Uchibe Eiji, Doya Kenji
Okinawa Institute of Science and Technology, Okinawa 904-2234, Japan.
Neural Netw. 2008 Dec;21(10):1447-55. doi: 10.1016/j.neunet.2008.09.013. Epub 2008 Oct 9.
Understanding the design principle of reward functions is a substantial challenge both in artificial intelligence and neuroscience. Successful acquisition of a task usually requires not only rewards for goals, but also for intermediate states to promote effective exploration. This paper proposes a method for designing 'intrinsic' rewards of autonomous agents by combining constrained policy gradient reinforcement learning and embodied evolution.

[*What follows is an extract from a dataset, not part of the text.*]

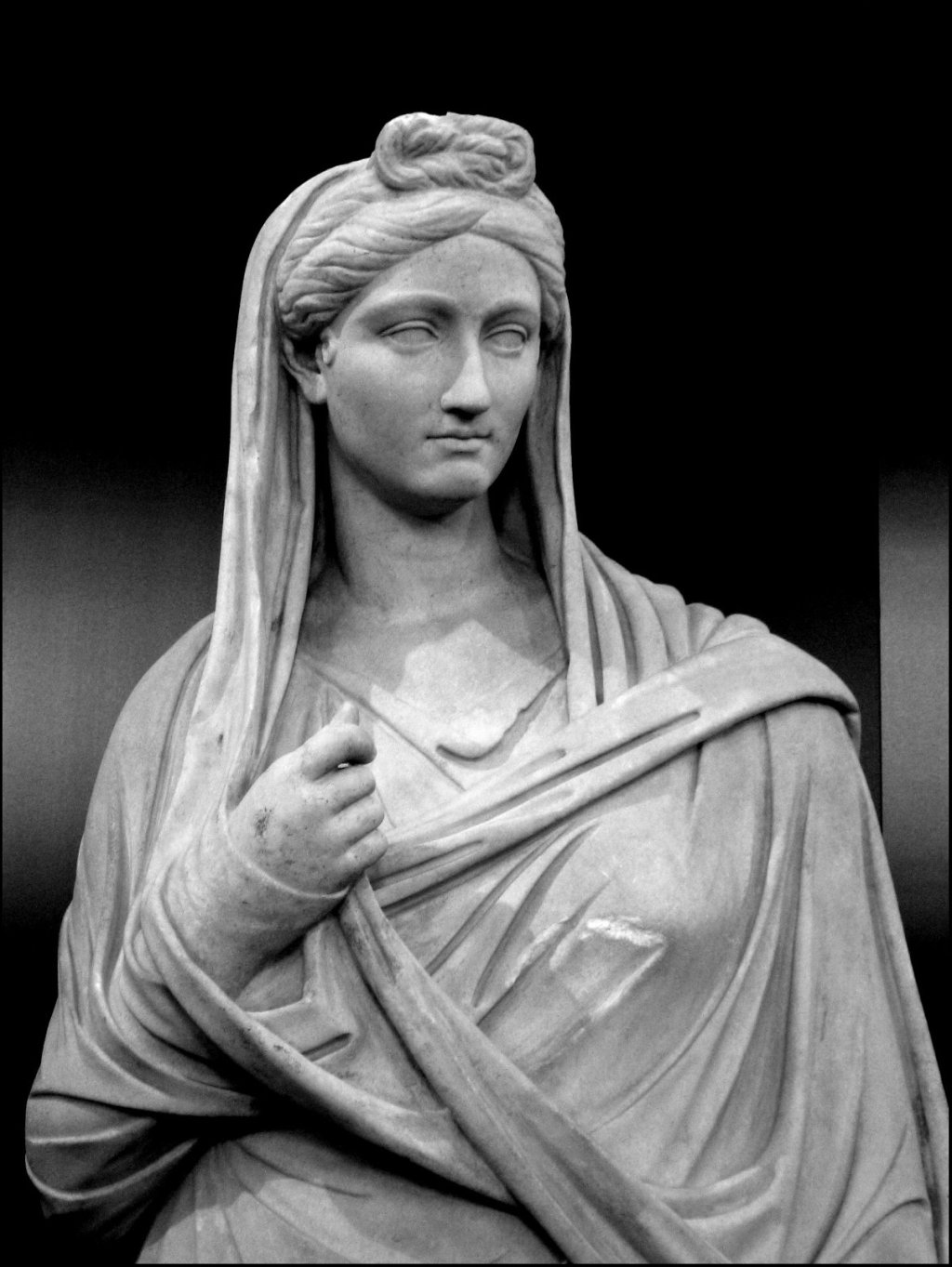 Vibia_Sabina_(Villa_Adriana)_01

To validate the method, we use Cyber Rodent robots, in which collision avoidance, recharging from battery packs, and 'mating' by software reproduction are three major 'extrinsic' rewards. We show in hardware experiments that the robots can find appropriate 'intrinsic' rewards for the vision of battery packs and other robots to promote approach behaviors.
理解奖励函数的设计原理在人工智能和神经科学领域都是一项重大挑战。成功完成一项任务通常不仅需要对目标给予奖励,还需要对中间状态给予奖励,以促进有效的探索。本文提出了一种通过结合约束策略梯度强化学习和具身进化来设计自主智能体“内在”奖励的方法。为了验证该方法,我们使用了Cyber Rodent机器人,其中避障、从电池组充电以及通过软件复制进行“交配”是三种主要的“外在”奖励。我们在硬件实验中表明,机器人可以为电池组和其他机器人的视觉找到合适的“内在”奖励,以促进接近行为。